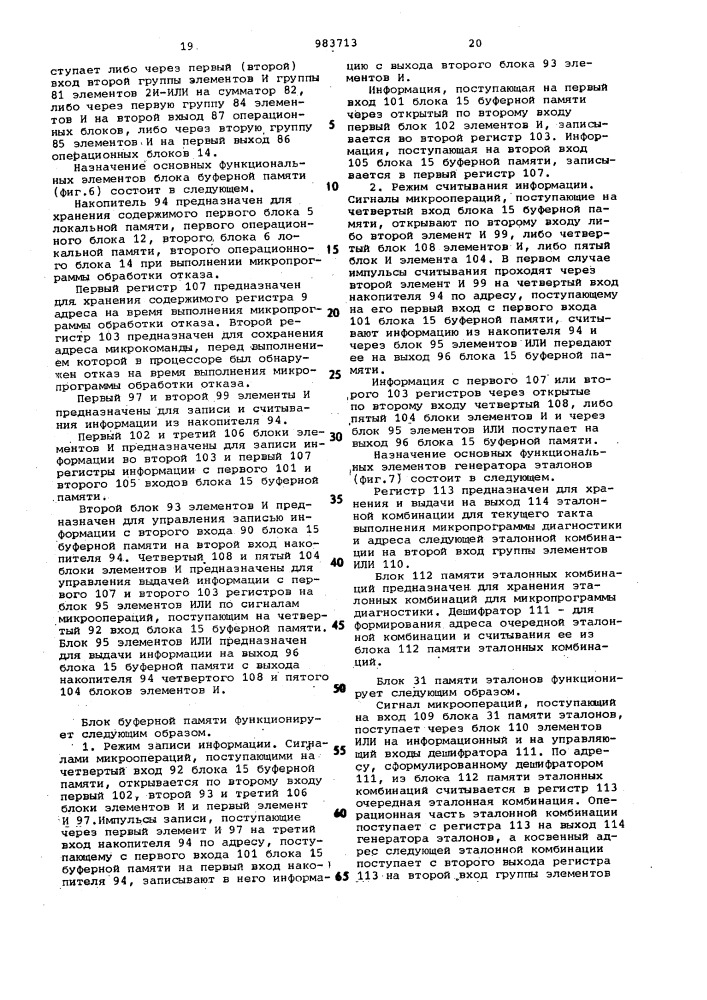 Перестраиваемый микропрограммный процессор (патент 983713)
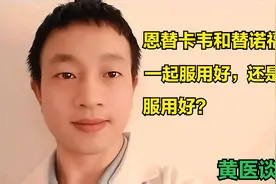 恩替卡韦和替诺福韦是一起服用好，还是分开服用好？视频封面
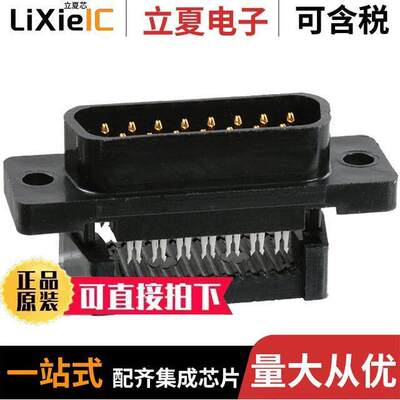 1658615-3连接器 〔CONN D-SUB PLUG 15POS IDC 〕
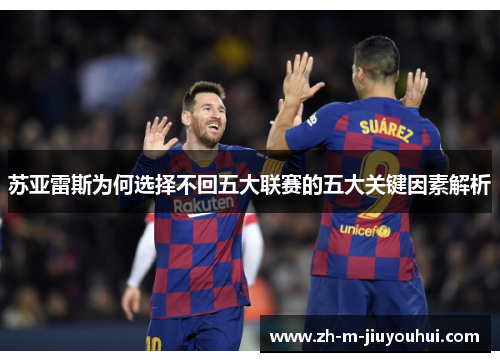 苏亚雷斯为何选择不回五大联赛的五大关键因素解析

#####

#### HOW TO COMPLETE THIS TASK:
Only the lines from the one with "1658615-3连接器 〔CONN D-SUB PLUG 15POS IDC 〕" to the end of the listing, both ends included, should be retyped exactly; no pictures belong in the copy.

#### TASK SOLUTION:
 1658615-3连接器 〔CONN D-SUB PLUG 15POS IDC 〕
 苏亚雷斯为何选择不回五大联赛的五大关键因素解析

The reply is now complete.